Sadly, these are common challenges among couples moving to a new place. But with a bit of awareness, we can learn what pitfalls to avoid and what simple practices can help the happiness of both partners and the partnership itself.
Below I share three challenging realities that relocating couples face, and the factors that help keep a couple stronger amidst these challenges.
Reality 1: Moving is stressful. Between all the move logistics, emotional goodbyes, setting up your life from scratch in a new place, losing your support system, and one or both partners starting a new job, each of you might feel like you’re barely surviving as you start your life in your new location. This can lead to a couple not making time for each other, as well as each individual not being at their best – leading to impatience, irritability, negative interactions, etc.
Remedy: Make sure you stay connected. Make a routine so that at a certain time each day you can focus just on each other, whether its talking about your day or doing something you enjoy together. At least one a week, have a time set aside to spend together, without the kids, and without screens or other distractions.
Remedy: Prioritize taking great care of yourself. When you’re happy and feeling good, you bring your best self to your relationship. This means taking care of your physical health, your emotional health – through having someone to talk to and healthy ways of handling your emotions, having social connections, and having a purpose in your life and passions and hobbies that make you feel happy and alive.
Reality 2: Lack of Support System
Whether it’s practical support like daycare, housecleaning, a network of connections, and ease of transportation, or emotional support like your neighbors, work colleagues, and the friends you’ve known since childhood, it’s often the case that you don’t realize what you’ve got until it’s gone. These little changes can add up to a lot more stress in your life, especially when you’re already trying to navigate a new location and culture.
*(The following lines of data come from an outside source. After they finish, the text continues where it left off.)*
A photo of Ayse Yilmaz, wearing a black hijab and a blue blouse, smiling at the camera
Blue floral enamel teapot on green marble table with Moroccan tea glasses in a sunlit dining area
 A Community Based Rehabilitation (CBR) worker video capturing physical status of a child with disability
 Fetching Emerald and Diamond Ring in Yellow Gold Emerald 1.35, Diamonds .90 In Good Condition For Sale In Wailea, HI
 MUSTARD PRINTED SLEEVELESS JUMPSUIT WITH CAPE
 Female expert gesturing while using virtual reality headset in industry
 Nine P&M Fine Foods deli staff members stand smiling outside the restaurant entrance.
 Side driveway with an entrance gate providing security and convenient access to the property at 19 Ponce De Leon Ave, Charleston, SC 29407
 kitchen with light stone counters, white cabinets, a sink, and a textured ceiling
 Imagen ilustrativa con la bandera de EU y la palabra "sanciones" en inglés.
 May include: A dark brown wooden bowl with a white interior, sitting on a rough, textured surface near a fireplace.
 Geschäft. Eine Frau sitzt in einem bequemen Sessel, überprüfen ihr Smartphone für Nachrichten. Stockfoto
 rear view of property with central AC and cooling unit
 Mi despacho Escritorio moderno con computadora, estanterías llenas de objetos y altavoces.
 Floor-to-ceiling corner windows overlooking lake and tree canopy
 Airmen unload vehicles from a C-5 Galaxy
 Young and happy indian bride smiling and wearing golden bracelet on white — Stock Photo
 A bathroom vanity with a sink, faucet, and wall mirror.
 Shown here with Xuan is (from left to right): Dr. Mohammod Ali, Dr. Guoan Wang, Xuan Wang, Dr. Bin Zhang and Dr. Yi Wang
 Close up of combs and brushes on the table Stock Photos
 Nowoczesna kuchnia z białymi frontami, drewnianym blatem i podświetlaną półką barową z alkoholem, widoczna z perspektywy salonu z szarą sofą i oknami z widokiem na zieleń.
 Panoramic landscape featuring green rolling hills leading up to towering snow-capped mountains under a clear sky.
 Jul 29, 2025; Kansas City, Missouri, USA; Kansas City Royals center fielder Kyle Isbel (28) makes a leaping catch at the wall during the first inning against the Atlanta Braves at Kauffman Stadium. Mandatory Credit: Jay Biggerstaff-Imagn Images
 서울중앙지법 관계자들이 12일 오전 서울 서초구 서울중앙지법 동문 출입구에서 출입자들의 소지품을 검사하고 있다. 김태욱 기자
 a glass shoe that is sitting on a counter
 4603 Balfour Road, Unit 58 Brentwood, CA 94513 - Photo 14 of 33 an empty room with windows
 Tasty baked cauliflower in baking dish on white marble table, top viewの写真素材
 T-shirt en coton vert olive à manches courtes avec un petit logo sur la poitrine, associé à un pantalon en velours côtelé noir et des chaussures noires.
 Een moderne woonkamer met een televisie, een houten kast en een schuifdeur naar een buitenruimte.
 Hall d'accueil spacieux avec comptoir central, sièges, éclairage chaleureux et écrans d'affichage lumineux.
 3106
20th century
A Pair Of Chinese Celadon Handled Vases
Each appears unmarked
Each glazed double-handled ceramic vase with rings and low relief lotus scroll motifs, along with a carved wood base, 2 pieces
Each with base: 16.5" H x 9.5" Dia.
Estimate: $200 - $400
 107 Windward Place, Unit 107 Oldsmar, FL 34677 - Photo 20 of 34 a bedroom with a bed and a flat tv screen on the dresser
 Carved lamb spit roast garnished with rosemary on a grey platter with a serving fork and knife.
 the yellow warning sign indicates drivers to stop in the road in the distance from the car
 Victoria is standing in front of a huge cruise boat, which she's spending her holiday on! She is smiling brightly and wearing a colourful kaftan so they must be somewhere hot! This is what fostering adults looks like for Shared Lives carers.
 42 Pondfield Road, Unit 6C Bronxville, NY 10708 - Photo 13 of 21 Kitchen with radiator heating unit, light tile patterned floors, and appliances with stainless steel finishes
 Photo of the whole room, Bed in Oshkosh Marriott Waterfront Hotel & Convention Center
Remedy: You have to proactively create a support system- both practical and social support. What are some ways you can simplify your life and reduce your stress through practical support? Who can you ask for information and resources about your new place? What social and community connections help you feel fulfilled? What roles did family and friends play before, and how can you make sure that the needs they filled are fulfilled in your new place? Be creative and open-minded. Your life will look different, but the important thing is that your needs are not neglected. Connect with people as much as you can to start building a new community, even when it’s out of your comfort zone, especially in the first year. Stay in touch with your long-term friends and family, while also starting to develop new friendships.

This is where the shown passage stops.